Some indirect peer-to-peer models are available in Hong Kong. For example, in the case of the MoneySQ.com online lending platform, MoneySQ.com has collaborated with Bridgeway which holds a Type 9 licence (asset management) that allows it to operate a collective investment scheme and accept funding from professional investors. MoneySQ.com, which holds a money lending licence, then lends the money to borrowers. This is a modified, indirect peer-to-peer model, where one intermediary raises funds from professional investors and another intermediary lends money to borrowers.
Regulatory Position in the US
In the US, under the Securities Act of 1933 (“Securities Act”), the offer and sale of securities is required to be registered unless an exemption is available.
In April 2012, the Jumpstart Our Business Startups Act (“JOBS Act”) was enacted. Title III of the JOBS Act added Securities Act section 4(a)(6) which provides an exemption from registration for certain crowdfunding transactions. In October 2015, the Securities and Exchange Commission (“SEC”) adopted Regulation Crowdfunding to implement the requirements of Title III. Since 16 May 2016, companies have been allowed to raise capital under Regulation Crowdfunding.
The regulatory regime does not apply to non-U.S. companies, Exchange Act reporting companies, certain investment companies, companies that are subject to disqualification under Regulation Crowdfunding, companies that have failed to comply with the annual reporting requirements under Regulation Crowdfunding during the two years immediately preceding the filing of the offering statement, and companies that have no specific business plan or have indicated that their business plan is to engage in a merger or acquisition with an unidentified company or companies.
The key features of the US crowdfunding regime are:
Upper Limit on Funds Raised by Issuers
Issuers can raise a maximum aggregate amount of US$1.07 million in reliance on the crowdfunding exemption in a 12-month period.
Investment Ceiling for Investors
The aggregate amount sold to any investor across all issuers in reliance on the exemption within a 12-month period cannot exceed:
the greater of US$2,200 or 5% of the investor’s annual income or net worth, if either the investor’s annual income or net worth (excluding the investor’s primary residence) is less than US$107,000; or
- 10% of the lesser of the investor’s annual income or net worth (excluding the investor’s primary residence), not to exceed an amount sold of US$107,000, if both the investor’s annual income and net worth are equal to or more than US$107,000.

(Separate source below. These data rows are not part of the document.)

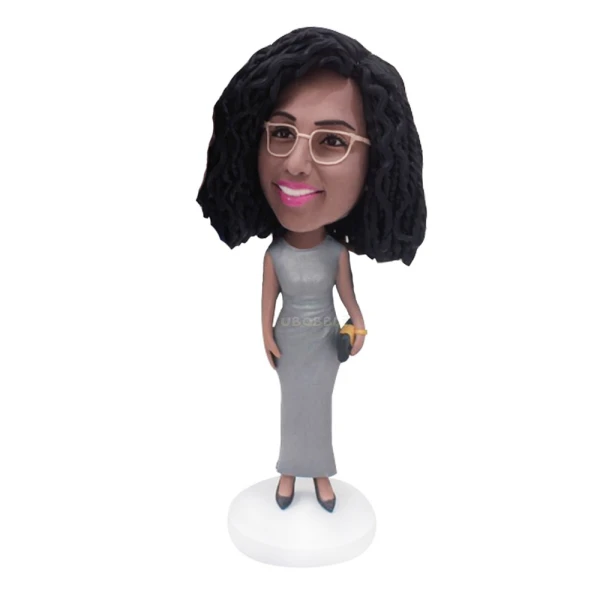 Personalized Bobblehead for Black Lady in Dress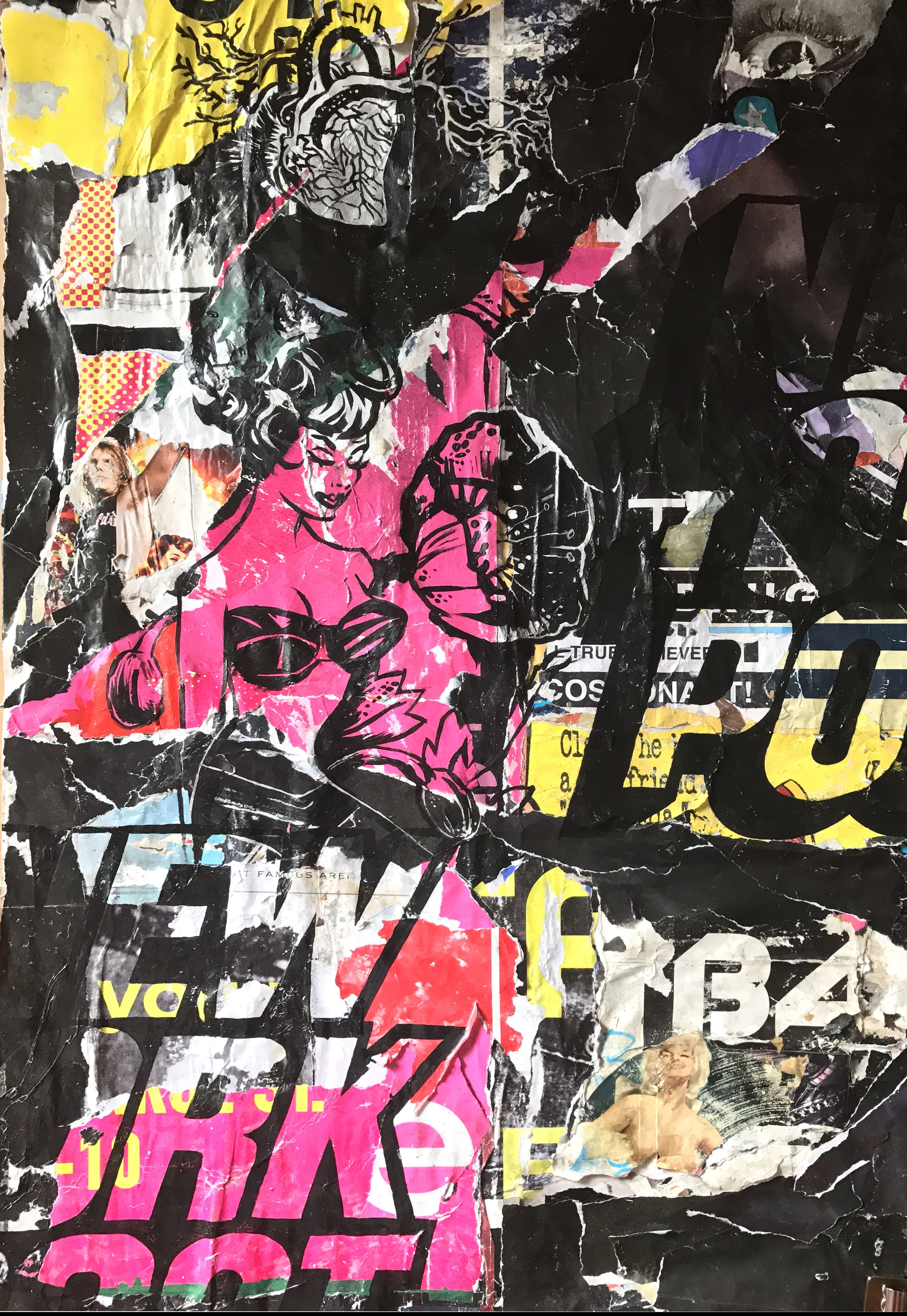 THE PERSUASION OF OPIATES. V.01. SPRAY PAINT & ACRYLIC INK ON TORN AD POSTERS. 29" x 19”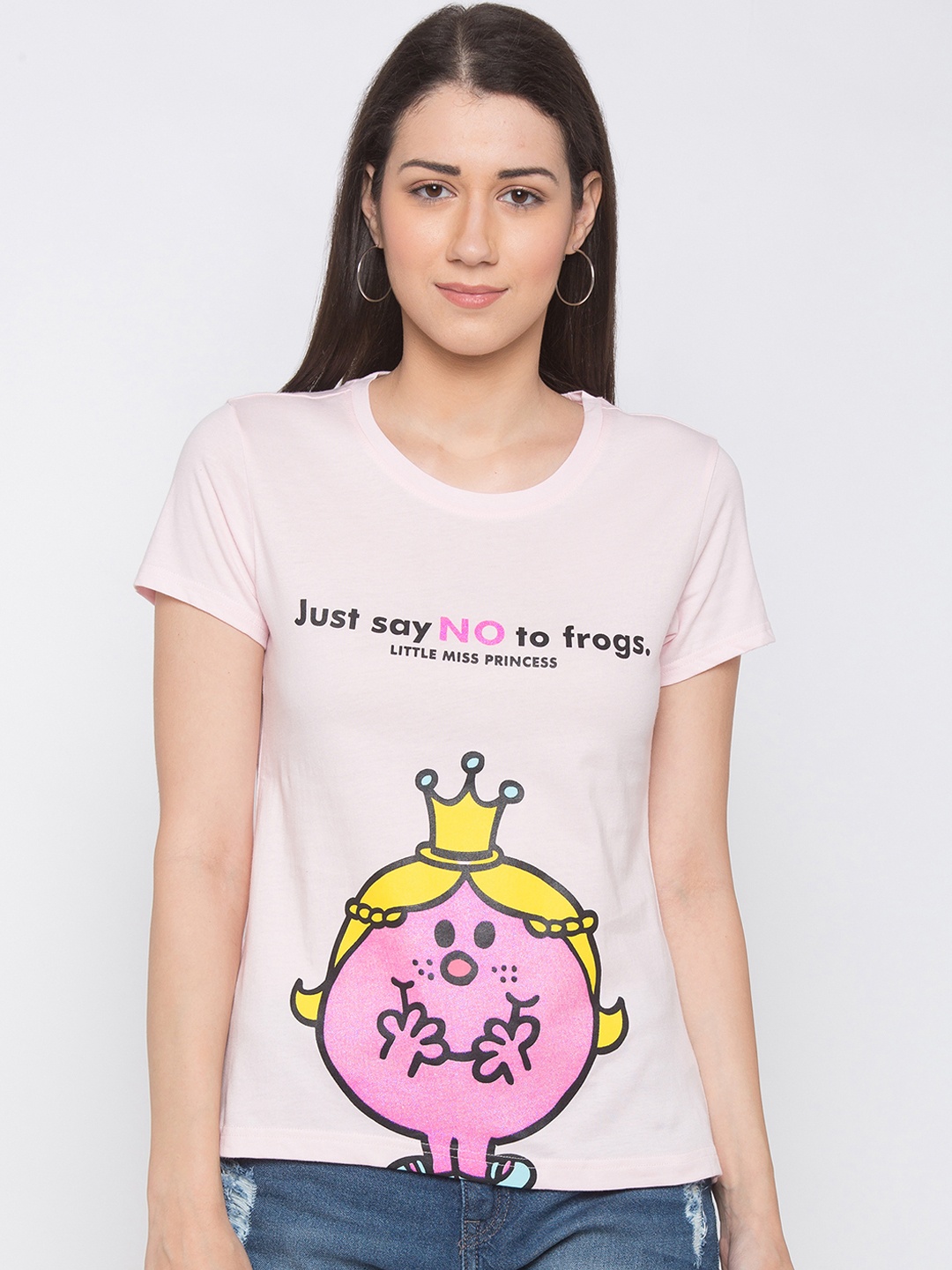 Globus Women Pink & Yellow Printed Round Neck T-shirt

Registration of Online Platforms
In order to be exempt from registration, crowdfunding transactions must take place through intermediaries which are registered with the SEC as either a broker or funding portal. An intermediary must also be a member of a national securities association, i.e. FINRA.
The JOBS Act introduces a new type of entity, a funding portal, which is any person acting as an intermediary in a transaction involving the offer or sale of securities for the account of others, solely pursuant to section 4(6) of the Securities Act, that does not:
offer investment advice or recommendations;
solicit purchases, sales, or offers to buy the securities offered or displayed on its website or portal;
compensate employees, agents, or other persons for such solicitation or based on the sale of securities displayed or referenced on its website or portal; or
hold, manage, possess, or otherwise handle investor funds or securities.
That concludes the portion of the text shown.